We now discuss the operations of Glider's predictor in more detail. For details on other aspects of the replacement policy, including insertion and eviction, we refer the reader to the Hawkeye policy [20].
Training. Glider is trained based on the behavior of a few sampled sets [20, 40]. On access to a sampled set, Glider retrieves the weights corresponding to the current PC and the PCHR. The weights are incremented by 1 if OPTgen determines that the line should have been cached; it is decremented otherwise. In keeping with the perceptron update rule [27, 52], the weights are not updated if their sum is above a certain threshold. To find a good threshold, Glider's predictor dynamically selects among a fixed set of thresholds (0, 30, 100, 300, and 3000). While this adaptive threshold provides some benefit for single-core workloads, the performance is largely insensitive to the choice of threshold for multi-core workloads.

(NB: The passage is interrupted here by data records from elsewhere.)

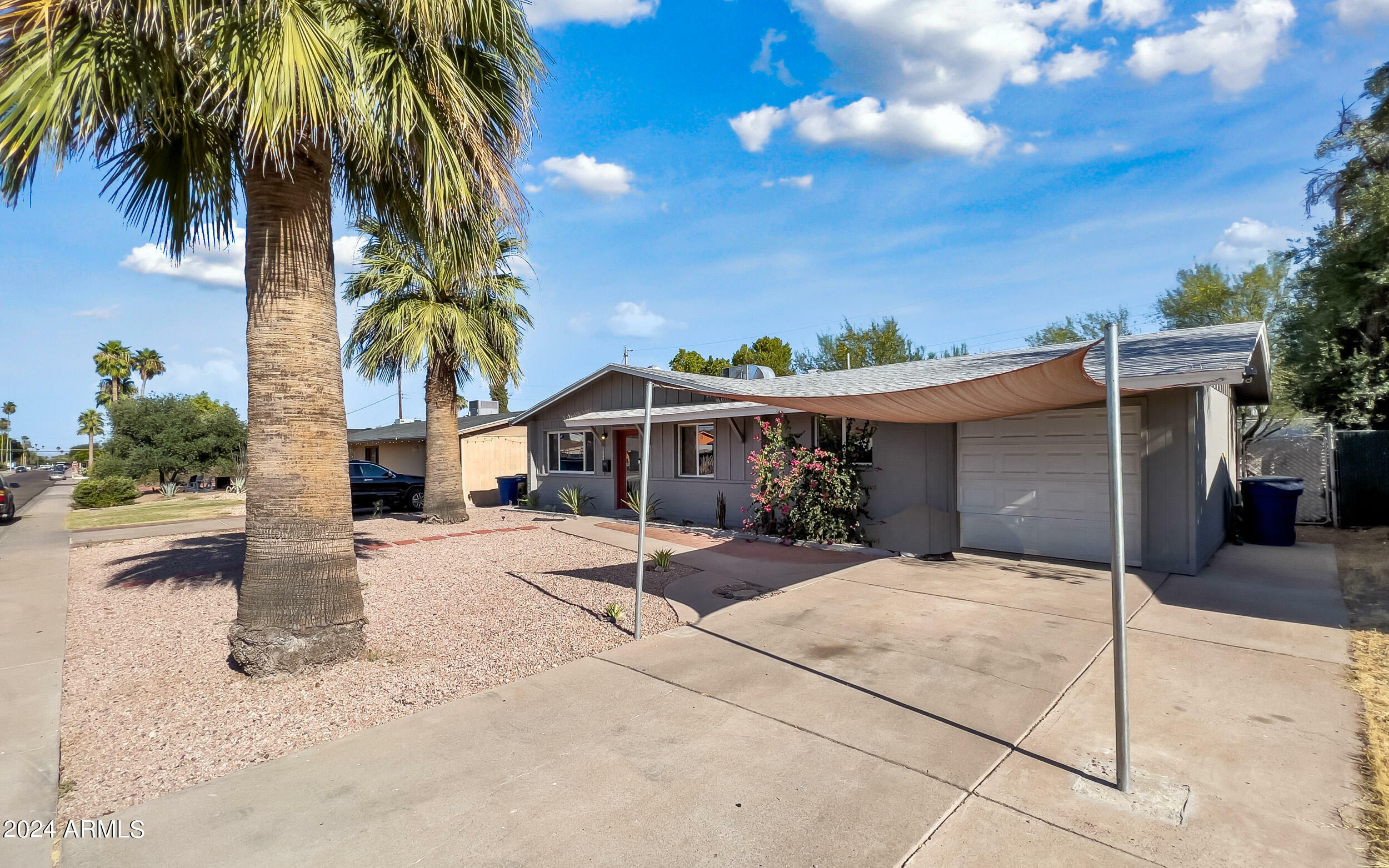 Property Photo:  347 E Papago Drive  AZ 85288 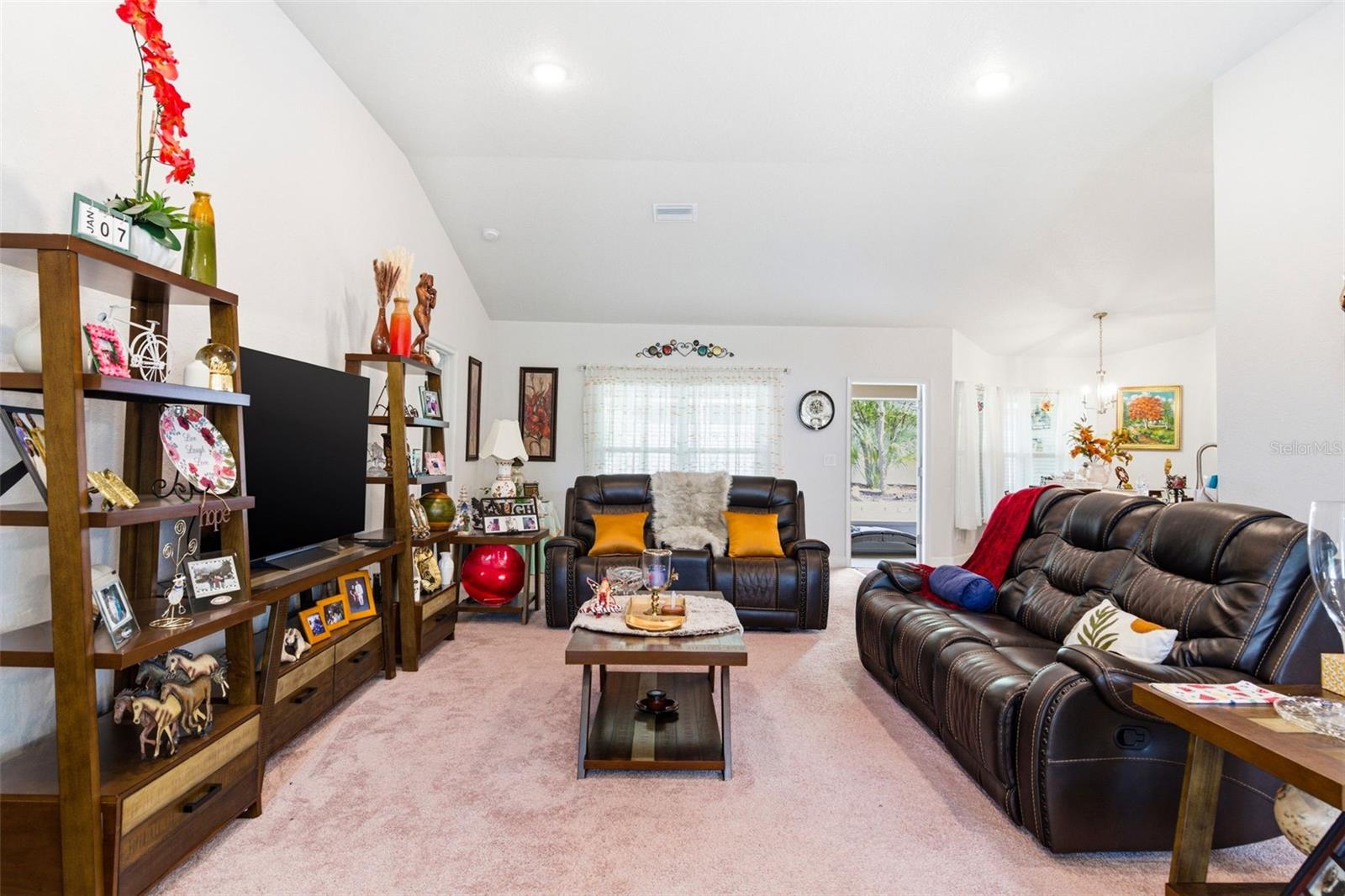 Listing photo id 14 for 12181 Topaz Street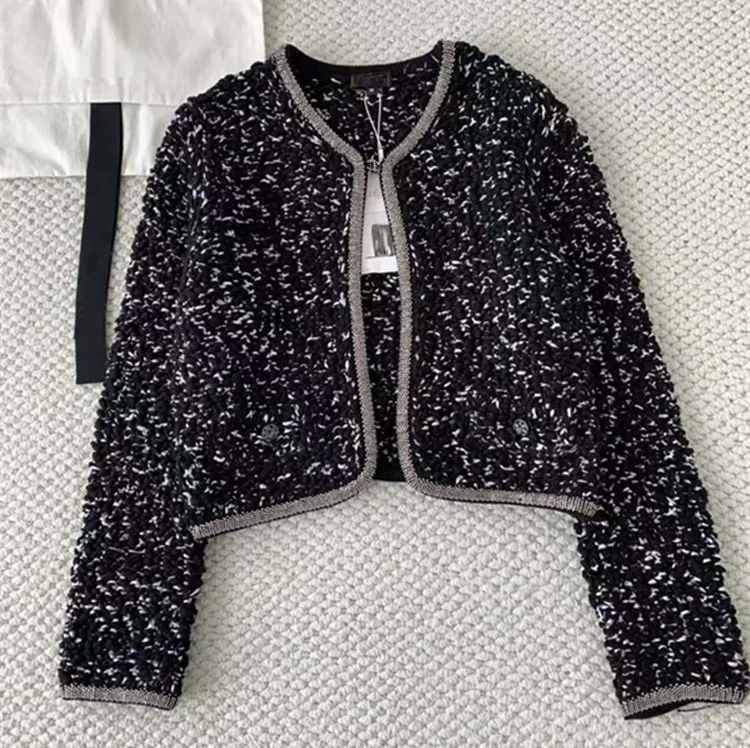 Индивидуальные новые зимние стили европейской и американской женской одежды 2025 года, черный модный вязаный кардиган с длинными рукавами, свитер
Индивидуальные новые зимние стили европейской и американской женской одежды 2025 года, черный модный вязаный кардиган с длинными рукавами, свитер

Prediction. To make a prediction, the weights corresponding to the current PC and the PCHR are summed. If the summation is greater than or equal to a threshold (60 in our simulations), we predict that the line is cache-friendly and insert it with high priority (RRPV=07 ). If the summation is less than 0, we predict that the line is cache-averse and insert it with low priority (RRPV=7). For the remaining cases (sum between 0 and 60), we determine that the line is cache-friendly with a low confidence and insert it with medium priority (RRPV=2).